Before passing away from heart disease on February 18, climate scientist Wallace Smith Broecker left behind a "final warning" to fellow scientists - telling them in a video recorded days before his death that humanity must deploy a volcano-inspired "solar shield" in order to cool down the atmosphere, according to NBC News.
Broecker, who popularized the phrase "global warming" in 1975 (right as the notion of "global cooling" became unpopular) - warned that world leaders aren't acting quickly enough to halt the production of carbon dioxide, and the only solution is to geoengineer "the sulfur solution."
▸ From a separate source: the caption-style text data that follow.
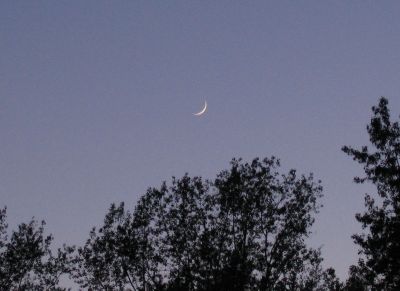 Луна вечером 29 мая 2006 г.
Фаза 0,07.
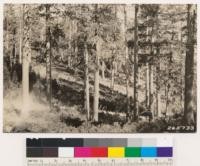 Klamath National Forest. Sugar pine- ponderosa pine type similar to No. 265730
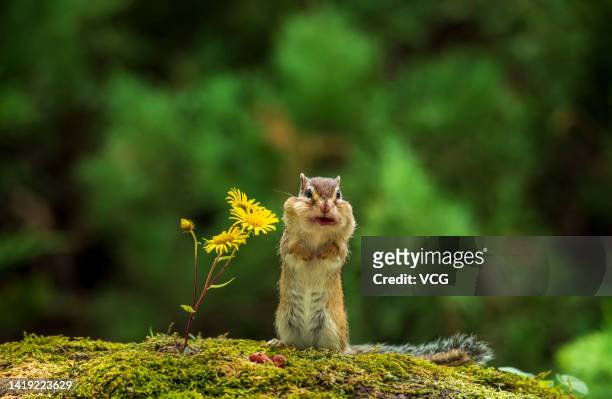 Close up of a chipmunk next to flowers at a park on August 19, 2022 in Daqing, Heilongjiang Province of China.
The theory is that the planet might be cooled, in a worst-case scenario, by releasing massive amounts of sulfur dioxide into the atmosphere some 70,000 feet above the Earth’s surface. The idea would be for jets to release so much SO2 that they would mimic a massive volcanic eruption, like the one at Mt. Pinatubo in the Philippines in 1991, which shrouded much of the planet in a sulfurous cloud, cooling the Earth by about 1 degree Fahrenheit for a full year. -NBC News
"If we are going to prevent the planet from warming up another couple of degrees, we are going to have to go to geoengineering," said Broecker, adding that continued inaction could result in "many more surprises in the greenhouse," known as Earth.
Broecker said that he had worked with another prominent climatologist on mechanical units that could remove carbon dioxide from the atmosphere, but that at least 100 million of them would be required to get the job done.
Nevermind all that death
As Phys.org noted in November 2017, blocking out the sun is probably a really bad idea according to a group of scientists from the University of Exeter.
new research led by climate experts from the University of Exeter suggests that targeting geoengineering in one hemisphere could have a severely detrimental impact for the other.
They suggest that while injections of aerosols in the northern hemisphere would reduce tropical cyclone activity - responsible for such recent phenomena including Hurricane Katrina - it would at the same time lead to increased likelihood for drought in the Sahel, the area of sub-Saharan Africa just south of the Sahara desert.
In response, the team of researchers have called on policymakers worldwide to strictly regulate any large scale unilateral geoengineering programmes in the future to prevent inducing natural disasters in different parts of the world.
"Our results confirm that regional solar geoengineering is a highly risky strategy which could simultaneously benefit one region to the detriment of another. It is vital that policymakers take solar geoengineering seriously and act swiftly to install effective regulation," said University of Exeter climate science expert Dr. Anthony Jones.
Lets not forget that this is how the Matrix also started - albeit we aren't doing it to fight sentient robots, yet.